Dan Savage is a Seattle editor and writer whose advice column "Savage Love" is a popular and controversial part of many alternative weeklies. He's also the author of hits such as Skipping Toward Gomorrah and The Kid. Now he offers his take on the gay marriage debate in The Commitment. He tells the story of his own family's struggle with the issue: He considers marriage a jinx, his mother and straight siblings are for it, his partner doesn't want to "act like straight people," and his 6-year-old son is firmly against gay marriage on the grounds that he doesn't think two men are allowed to get married.
While this sounds like a barrel of monkeys and Savage has been compared to David Sedaris, there is little humor in the book; Savage's acerbic wit is just too sour. But he did make me think. The Commitment presents all sides of the debate in which the good, bad, and ugly are mashed together in a serious conversation about why people get married and whether it's something gays and lesbians should do. He's quick to shoot down the main arguments of conservatives with a well-researched if ungracefully stated argument. He tosses fact after fact to support his arguments, which sometimes are little more than opinions. While he wins the battle, proving over several pages that people like Dubya and Falwell are wrong (How hard is it really, though, to poke holes in anything those two say or do?), Savage still lacks the style to combine fact, argument and personal account into a flowing, enjoyable story.

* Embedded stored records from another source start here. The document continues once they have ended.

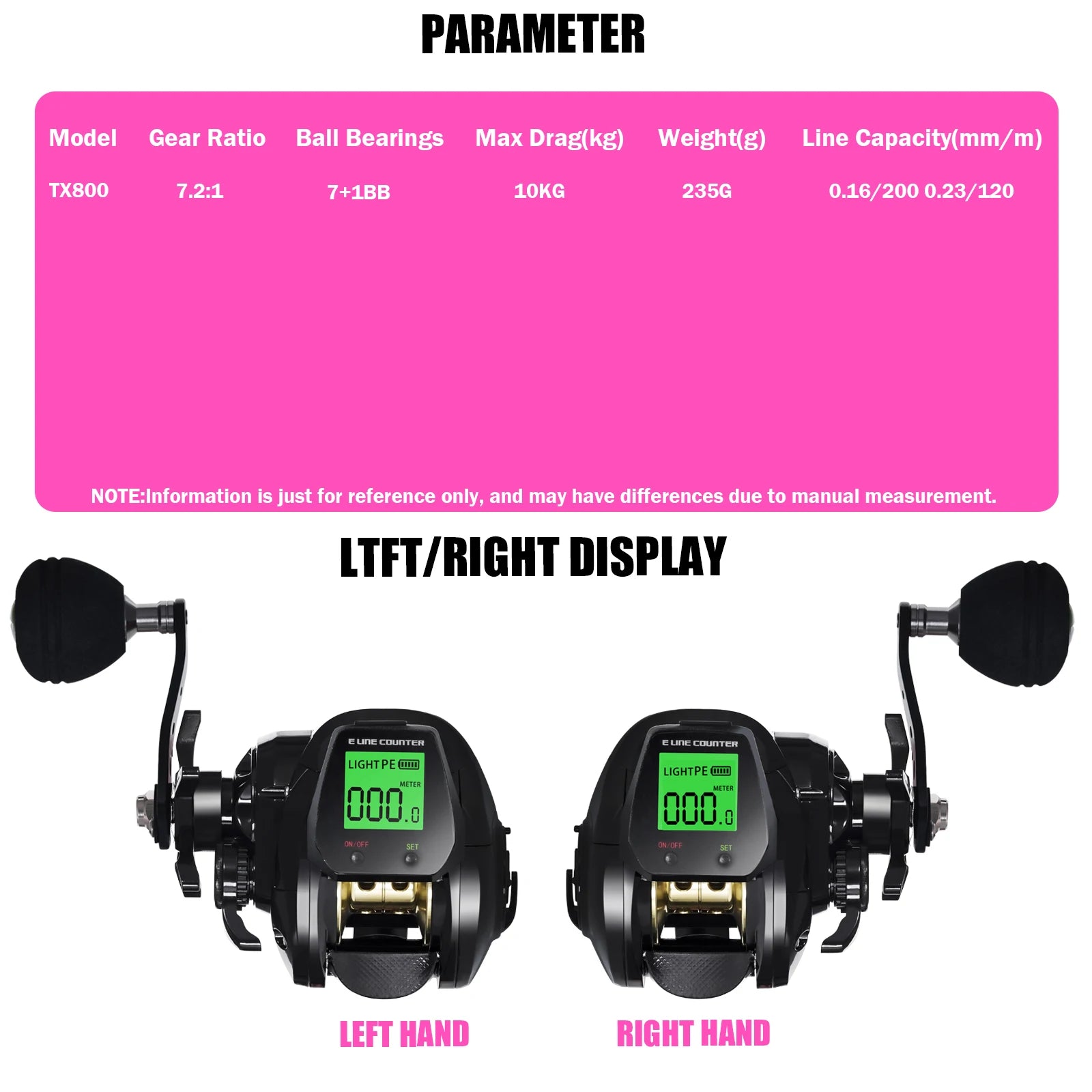 Fishing Reel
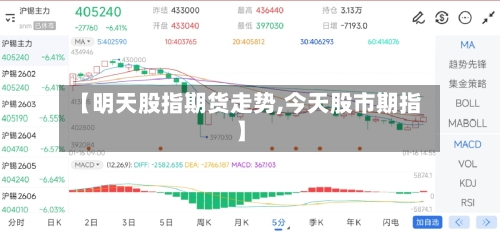 【明天股指期货走势,今天股市期指】-第2张图片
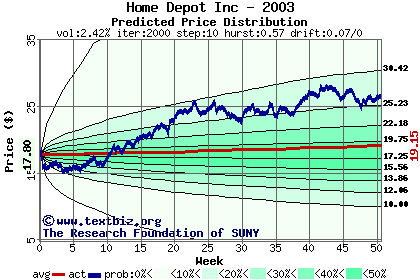 Predicted price distribution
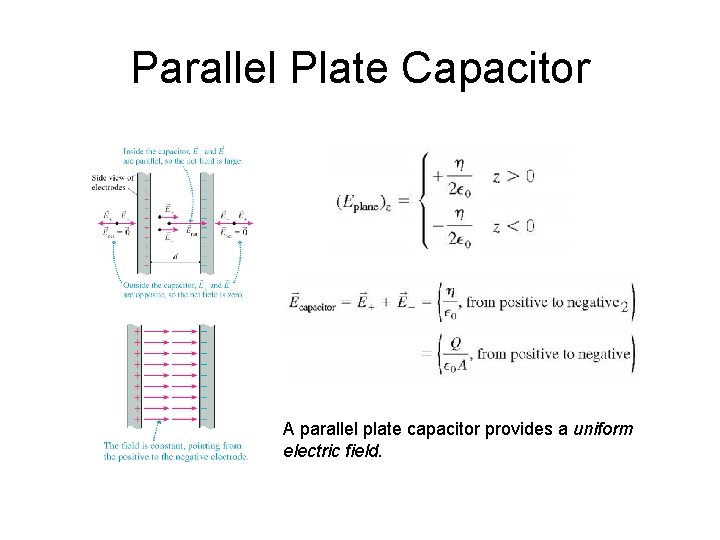 Parallel Plate Capacitor A parallel plate capacitor provides a uniform electric field. 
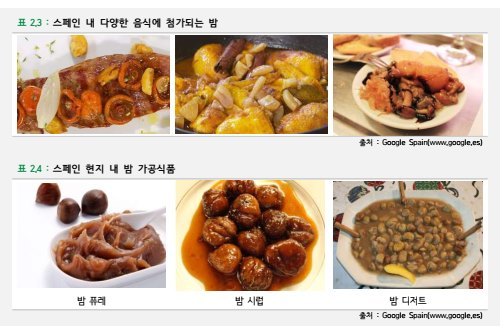 스페인 밤가공품.jpg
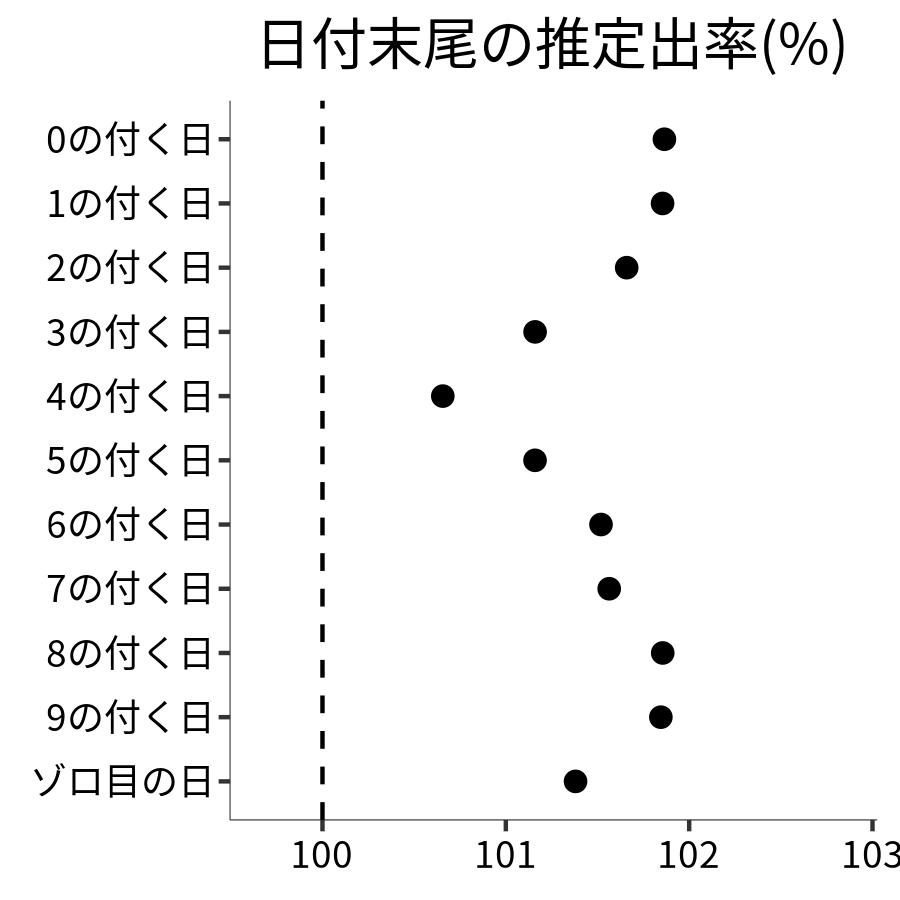 日付末尾ごとの出率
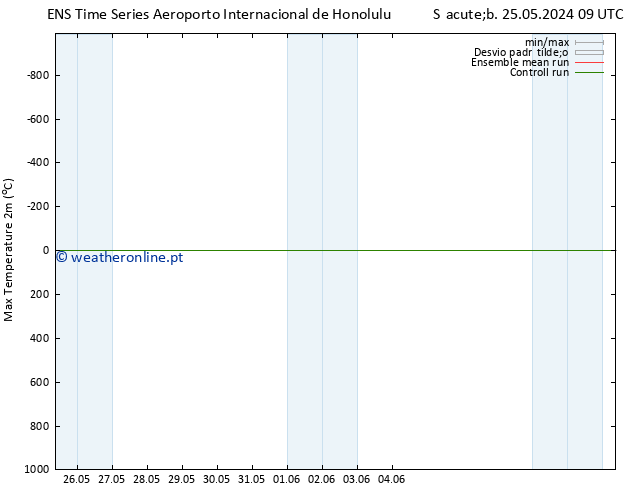 temperatura máx. (2m) GEFS TS Seg 27.05.2024 21 UTC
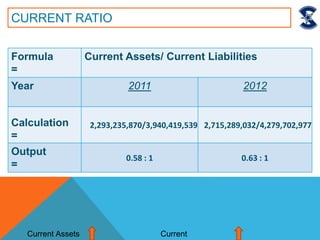 Formula
=
Current Assets/ Current Liabilities
Year 2011 2012
Calculation
=
2,293,235,870/3,940,419,539 2,715,289,032/4,279,702,977
Output
=
0.58 : 1 0.63 : 1
CURRENT RATIO
Current Assets Current
 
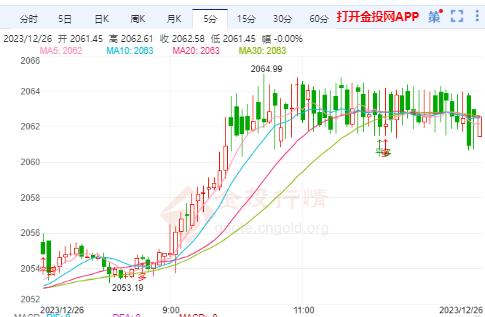 美联储通胀数据逊于预期 金价呈看涨倾向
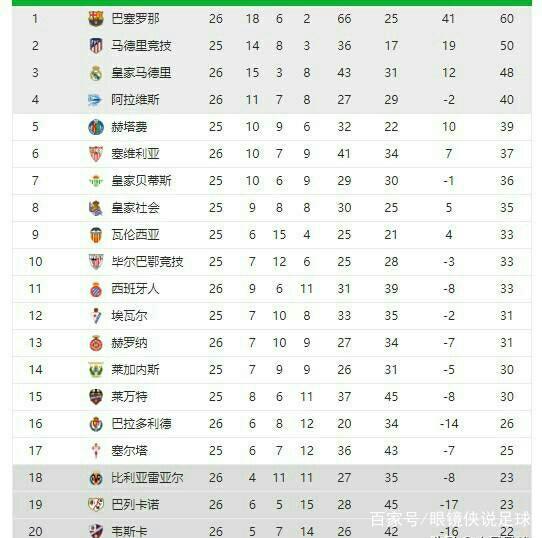 为英格兰后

Savage doesn't spend almost 300 pages advocating gay marriage; he questions it. He asks whether or not marrying now, when it offers no real rights, is a true marriage. He questions his own situation -- why should he marry? Should it be done for the kid? Will it really affirm a committed 10-year relationship? He also gets into the grisly business of questioning the wedding industry, dealing with matters of commercialism, traditionalism, and whether ice sculptures are truly necessary to show one's love for another. The Commitment is a book of questions and Savage's convoluted answers, and while it's a tedious read due to his commitment to an advice column style and his attempts at lame humor, in the end it offers enough insight to be worth a read by any person: gay, straight, married or unmarried.